Email plantas@ingen.cigb.edu.cu.
2 Dept. de Genetica, Instituto Nacional de Ciencias Agricolas
(INCA), San Jose de las Lajas, La Habana, Cuba.
3 Instituto de Biotecnologia de las Plantas (IBP). Santa
Clara, Cuba.
Code Number: BA96049
Sizes of Files:
Text: 4.9K
Graphics: No associated graphics files
Introduction
Transgenic crops with enhanced resistance against fungal
diseases have been achieved through the constitutive
expression of chitinase (1), thaumatin-like protein (2) and
beta-1,3-glucanase (3). However, considering that antifungal
proteins have often synergistic activities and that pathogens
can overcome the resistance conferred by individually
transferred traits, combinatorial expression of antifungal
proteins in transgenic crops is regarded as a key for
effective and durable field resistance. Recently, tobacco (3)
and tomato (4) plants constitutively expressing tobacco class
I chitinases and class I beta-1,3-glucanases exhibited
substantially enhanced resistance against fungal attack.
We present preliminary data on field performance of transgenic
potato plants co-expressing a tobacco class I
beta-1,3-glucanase and the thaumatin-like protein AP24.
Materials and Methods
The tobacco coding genes for a class I beta-1,3-glucanase and
AP24 were independently placed under the control of the CaMV
35S promoter with a synthetic 65 bp non-coding 5' leader
sequence of TMV and the nos transcription terminator. A double
construct carrying the chimeric beta-1,3-glucanase and ap24
genes in tandem was used for constitutive co-expression of the
two proteins in potato. The expression cassettes were
separetely inserted in the binary vector pDE1001 and
transferred into Agrobacterium tumefaciens AT2260.
Transgenic tobacco and potato plants were generated by leaf
disc transformation. Transformants were selected on MS medium
containing kanamycin. PCR was used to detect the presence of
the glucanase and ap24 transgene sequences. ELISA and western
blotting were used to determine transgene expression. in
vitro antifungal assays were carried out by using tobacco
leaf extracts.
Screening for enhanced antifungal resistance in transgenic
potato was carried out under field conditions. One hundred
kanamycin-resistant clones were micropropagated, transferred
to soil and grown for ten days under greenhouse conditions.

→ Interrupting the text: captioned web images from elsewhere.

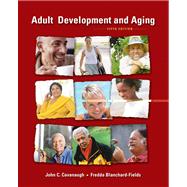 Adult Development And Aging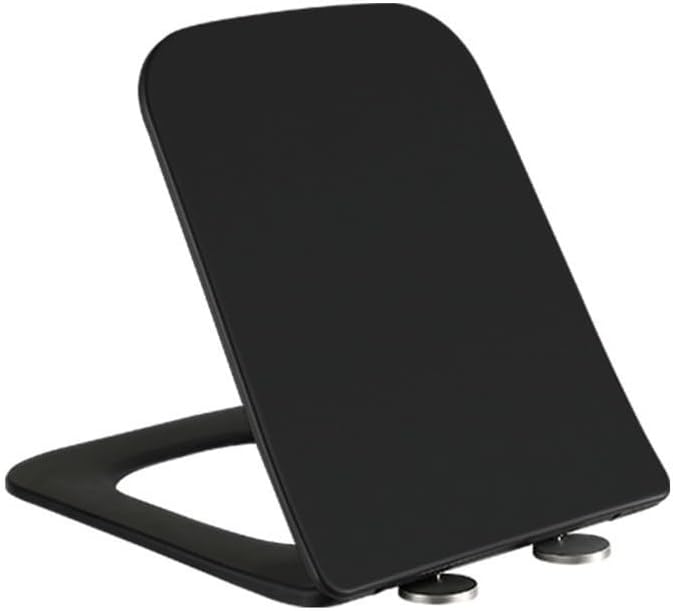 Square Toilet Parts Thickened Seats Lid Bidet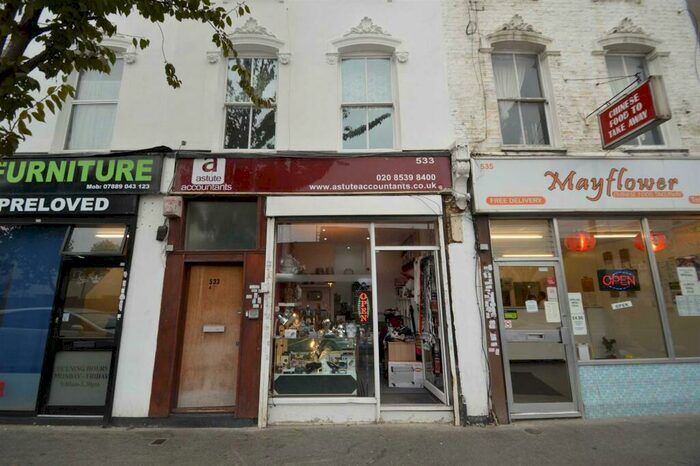 1 Bedroom Flat For Sale In High Road Leytonstone, London, E11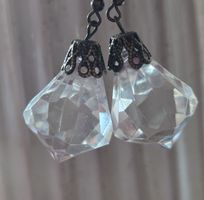 Funkelnde Ohrringe: Vintage-Stil für den Sommer!✨💎
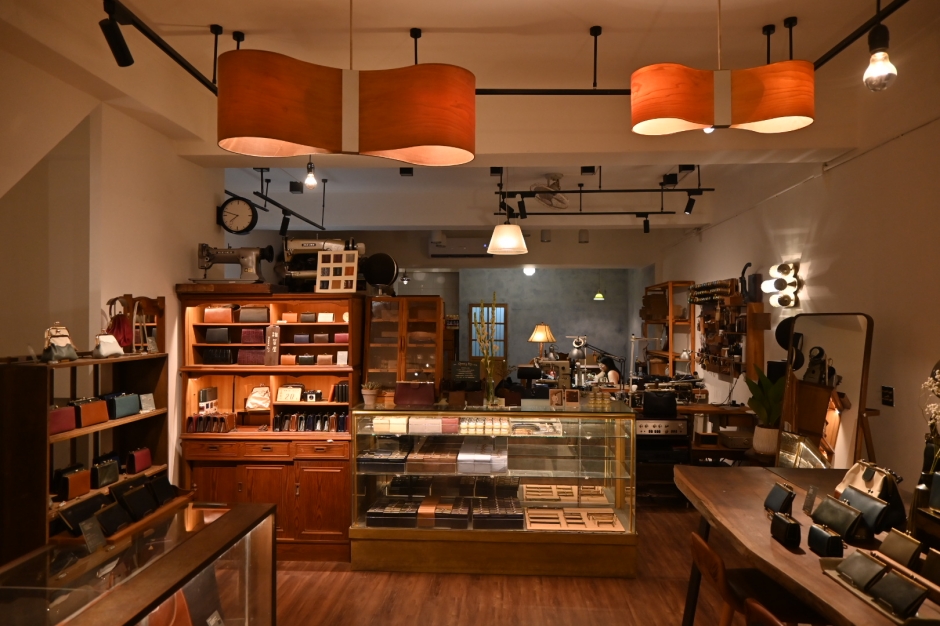 作品名稱:山本口金店
規劃設計:山本口金店
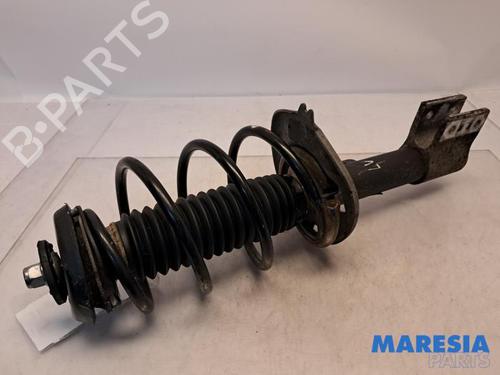 Used Left front shock absorber CITROËN C4 II (NC_) 1.6 VTi 120 (NC5FS0, NC5FS9) (120 hp) 31485374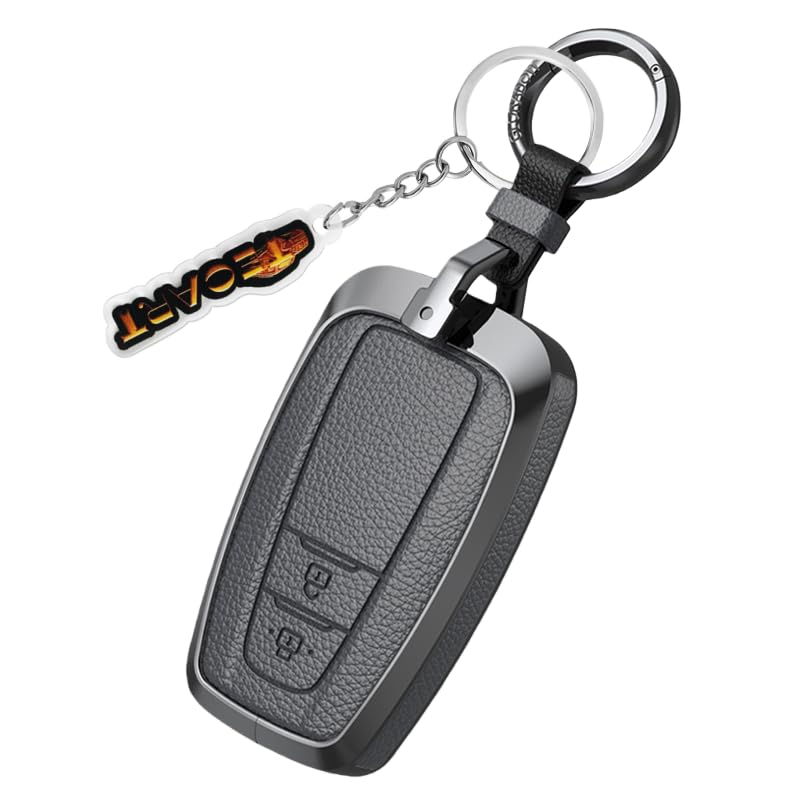 Coque de clé de voiture compatible Toyota Yaris RAV4 Corolla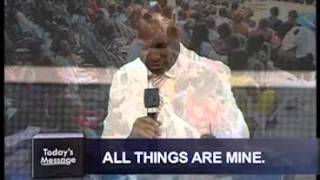 ALL THINGS ARE MINE - David Ibiyeomie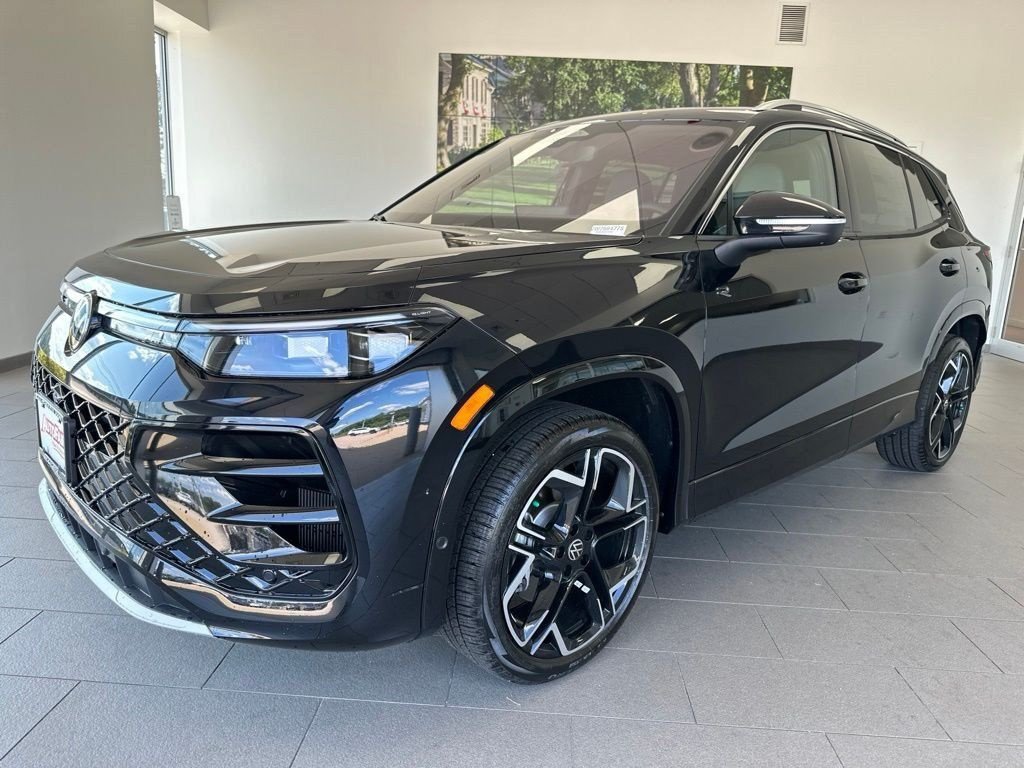 New 2026 Volkswagen Tiguan SEL R-Line Turbo SUV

Then, ten plants of each clone and non-transformed control
were planted in field and subjected to natural infection. The
degree of fungal infection was established in a scale from 0
to 4 according to the presence of disease symptoms in
plants.
Results and Discussion
The transgene-encoded beta-1,3-glucanase and AP24 were
expressed in tobacco at levels between 0,1 and 0,3 % of total
proteins. The engineered proteins were correctly processed as
indicated by western blotting, suggesting their targeting to
the cell vacuole. The constitutive expression of AP24 resulted
in an increased antifungal activity of the tobacco leaf
extracts against Rhizoctonia solani and Fusarium
solani. Transgene expression in tobacco was used to
confirm the functionality of the chimeric glucanase and ap24
constructs.
A double construct for constitutive co-expression of
beta-1,3-glucanase and AP24 was used to transform the potato
commercial cultivar Desiree, One hundred kanamycin-resistant
clones were screened for antifungal resistance under field
conditions. After sixty days, most of the plants were severely
attacked by Alternaria solani and Phytophthora
infestans although showing different levels of disease
symptoms. Three clones were distinguished for a low degree of
fungal infection. Experiments to correlate levels of
transgenes expression and antifungal resistance are in
progress.
1. Broglie K. et al. Science, 1991; 254:1194-1197.
2. Woloshuk CP. et al.EPO91201344.8.
3. Zhu Q et al., Biotechnology 1994; 12:807-812.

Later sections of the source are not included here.